- _Task statement_
The answer should be the lines from the one with "this 1200×905 image." through the final line of the entries, restated word for word.

- _Data_
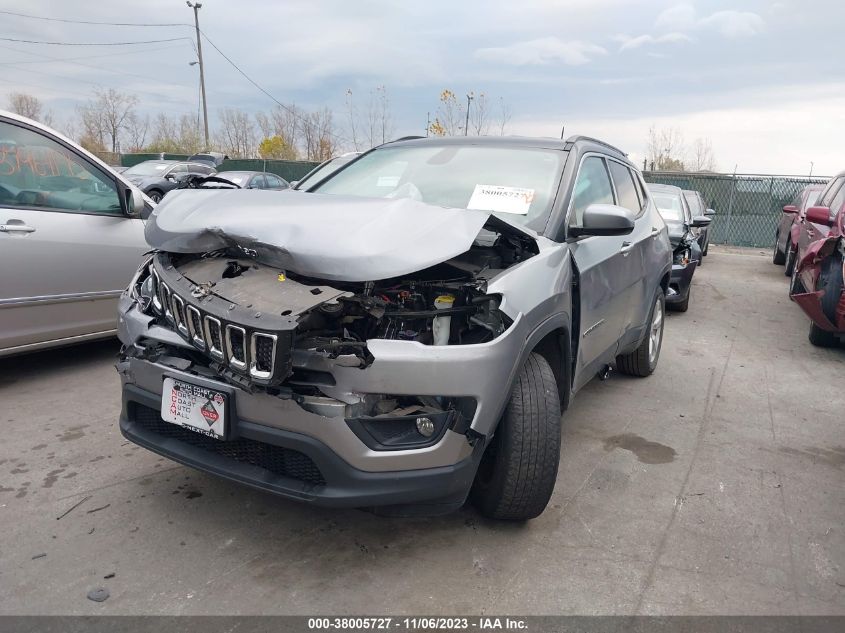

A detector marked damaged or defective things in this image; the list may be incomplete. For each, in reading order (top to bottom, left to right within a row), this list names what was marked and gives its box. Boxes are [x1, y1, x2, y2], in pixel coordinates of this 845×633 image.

crumpled hood [145, 189, 504, 280]
detached bumper piece [118, 386, 482, 512]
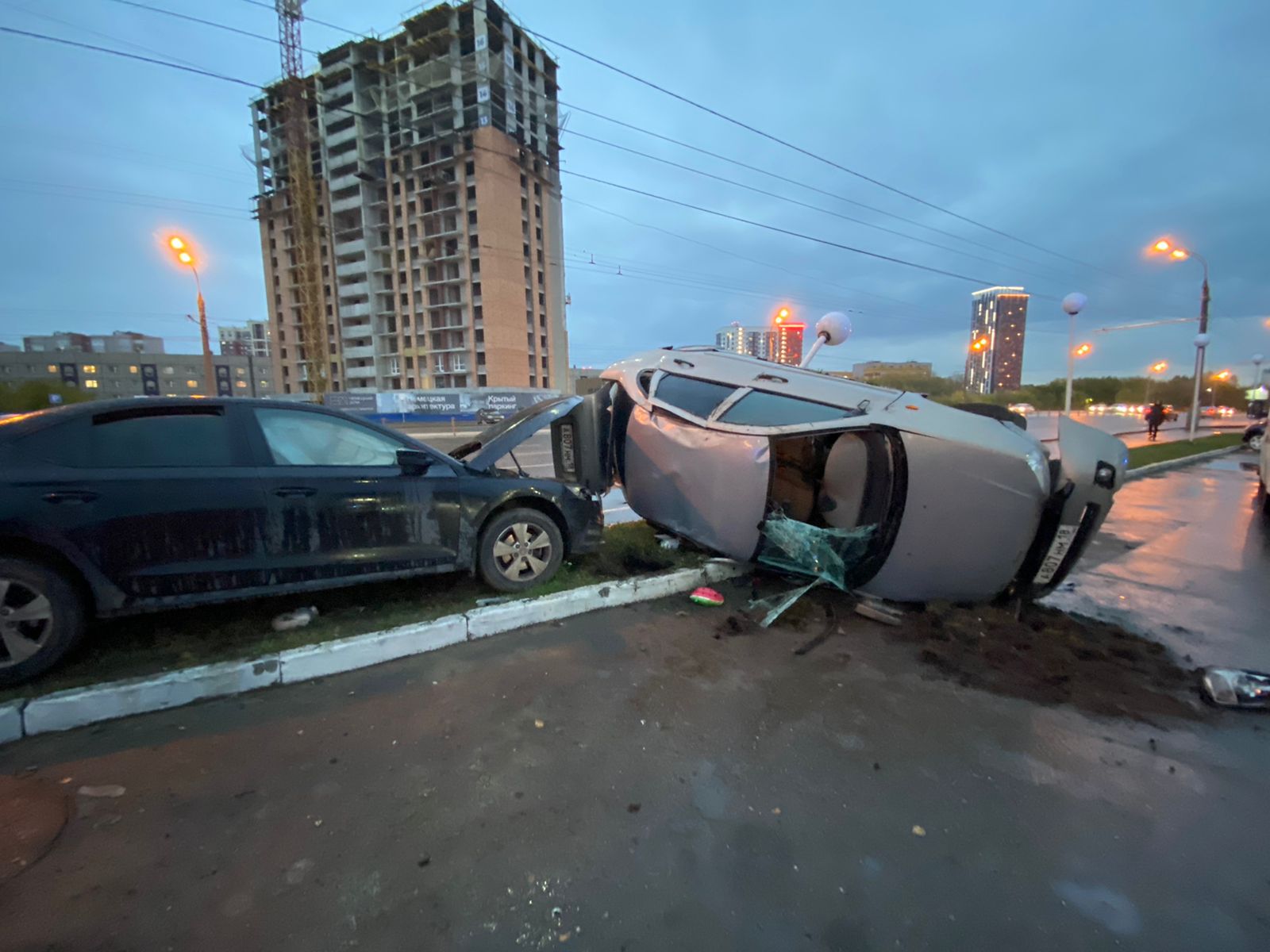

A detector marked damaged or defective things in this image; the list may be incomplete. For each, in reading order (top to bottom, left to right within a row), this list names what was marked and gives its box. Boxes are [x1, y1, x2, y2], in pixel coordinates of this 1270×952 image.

black damaged sedan [0, 396, 602, 685]
shattered car window [655, 375, 737, 419]
shattered car window [721, 390, 858, 428]
overturned silver car [462, 347, 1127, 604]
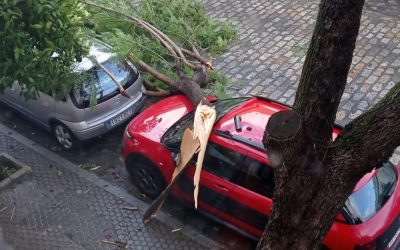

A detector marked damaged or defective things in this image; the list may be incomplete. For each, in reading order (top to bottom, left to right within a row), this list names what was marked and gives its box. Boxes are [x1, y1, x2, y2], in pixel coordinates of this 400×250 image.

damaged red car [121, 94, 400, 249]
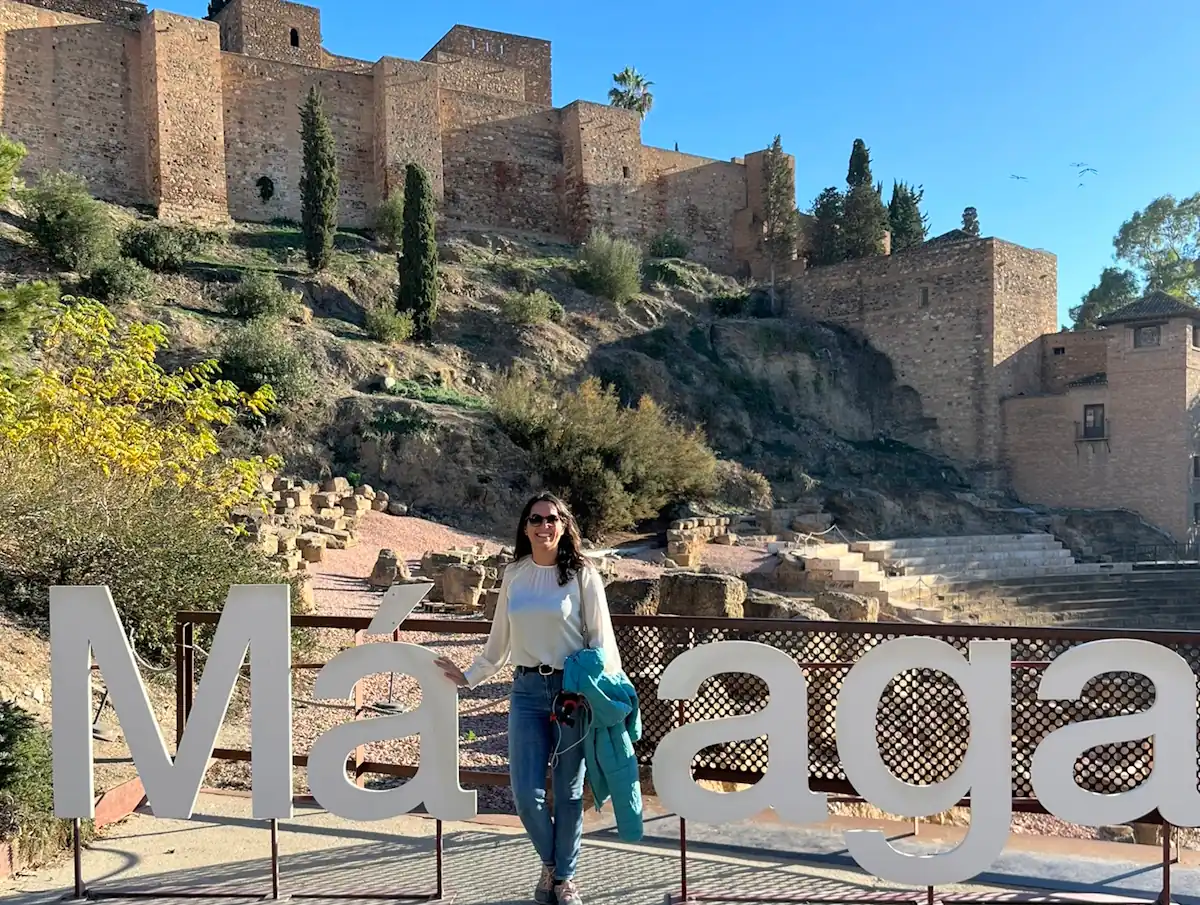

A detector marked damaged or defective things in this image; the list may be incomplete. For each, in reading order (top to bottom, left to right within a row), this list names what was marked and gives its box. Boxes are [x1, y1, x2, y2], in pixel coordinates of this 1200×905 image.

rusty fence rail [171, 614, 1200, 811]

- _Task result_
A detector marked damaged or defective things in this image; the list may be incomplete. For each, in reading order (top to bottom, left to right within a row), this list names what was marked and gives its box. Boxes are [x1, y1, x2, y2], in pixel coordinates of this 1200×905 image.

rusty fence rail [171, 614, 1200, 811]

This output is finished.